While killings in Baltimore remain well above last year's pace, crime overall has dropped 13 percent in the first nine months of 2000, the city's police commissioner said yesterday.
Almost every category of criminal offenses shows a decline, including nonfatal shootings. Robberies are down 19 percent, burglary 16 percent and assaults 15 percent. Auto theft is one exception; it has jumped nearly 10 percent over last year.
Commissioner Edward T. Norris called the homicide figures a source of continuing frustration, but said the other crime drops are encouraging.
The closest he came to taking credit was by noting a drop in nonfatal shootings, from 675 at this time last year to 546 as of yesterday. "We turned the corner on that," Norris said.
The new commissioner released the numbers at a news conference - the first of planned monthly meetings with reporters.
He used the briefing to address a range of issues, including corruption, and he offered an overview of his first five months in office. He was appointed in April and charged with quickly reducing crime in one of the nation's most violent cities.
One of his biggest challenges was to clear a backlog of internal investigations that he complained clogged the system and obscured serious cases of corruption.
Norris said that the Internal Affairs Division has investigated 596 complaints since Jan. 1 and that 451 officers have been recommended for and accepted punishment, which ranges from letters of reprimand to fines, suspensions or loss of vacation days.
Thirty-six officers retired or resigned to avoid discipline. Thirty-one challenged punishment recommendations at a trial board, and Norris said 13 were found not guilty and 18 were convicted.
Three of those officers were fired. The most serious case was that of an officer convicted of taking a bribe from a drug dealer seven years ago.
Norris also announced a new way of counting killings and how homicide statistics are released to the public.
City police keep a tally of killings that can be obtained by the news media every day. Those numbers are for all homicides, including ones ruled "justified," such as killings determined by prosecutors to have been in self-defense.
At the end of each year, the number is typically adjusted to include only "unjustified" homicides. Norris said the department now will give out only the numbers of killings ruled "unjustified" in its daily updates. He believes that number is a better reflection of violence in the city. .
Until yesterday, the Police Department's official homicide count from Jan. 1 through Sept. 18 stood at 211, compared with 194 at the same time in 1999. Under the new method of reporting, there have been 205 unjustified homicides so far this year, compared with 190 last year.
The change could alter comparisons to previous years, but officials said the numbers will be off by four at most.

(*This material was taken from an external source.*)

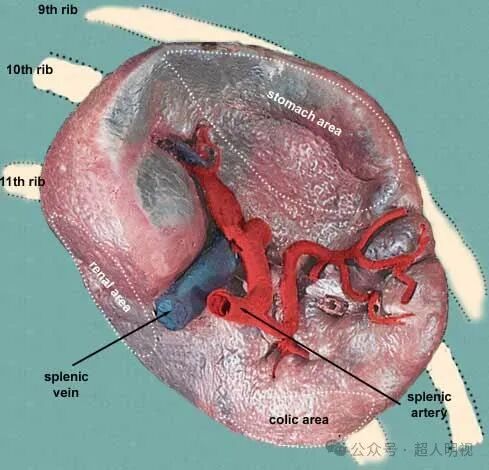 就是脾肿大。事实上，脾脏名堂可多了。请看：一、脾脏解剖 1，血管分布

The number of homicides in 1999, as previously released by police, was 309. The new rules drop that to 305 - the number that is reported to the FBI, the national repository for crime statistics.
Last year was the 10th consecutive year in which more than 300 people were killed in the city.
Police stress that the change in reporting is not a subtle way of reducing the number of killings through use of creative statistics. "If it was that easy, we'd have done this years ago," Deputy Commissioner Bert Shirey said.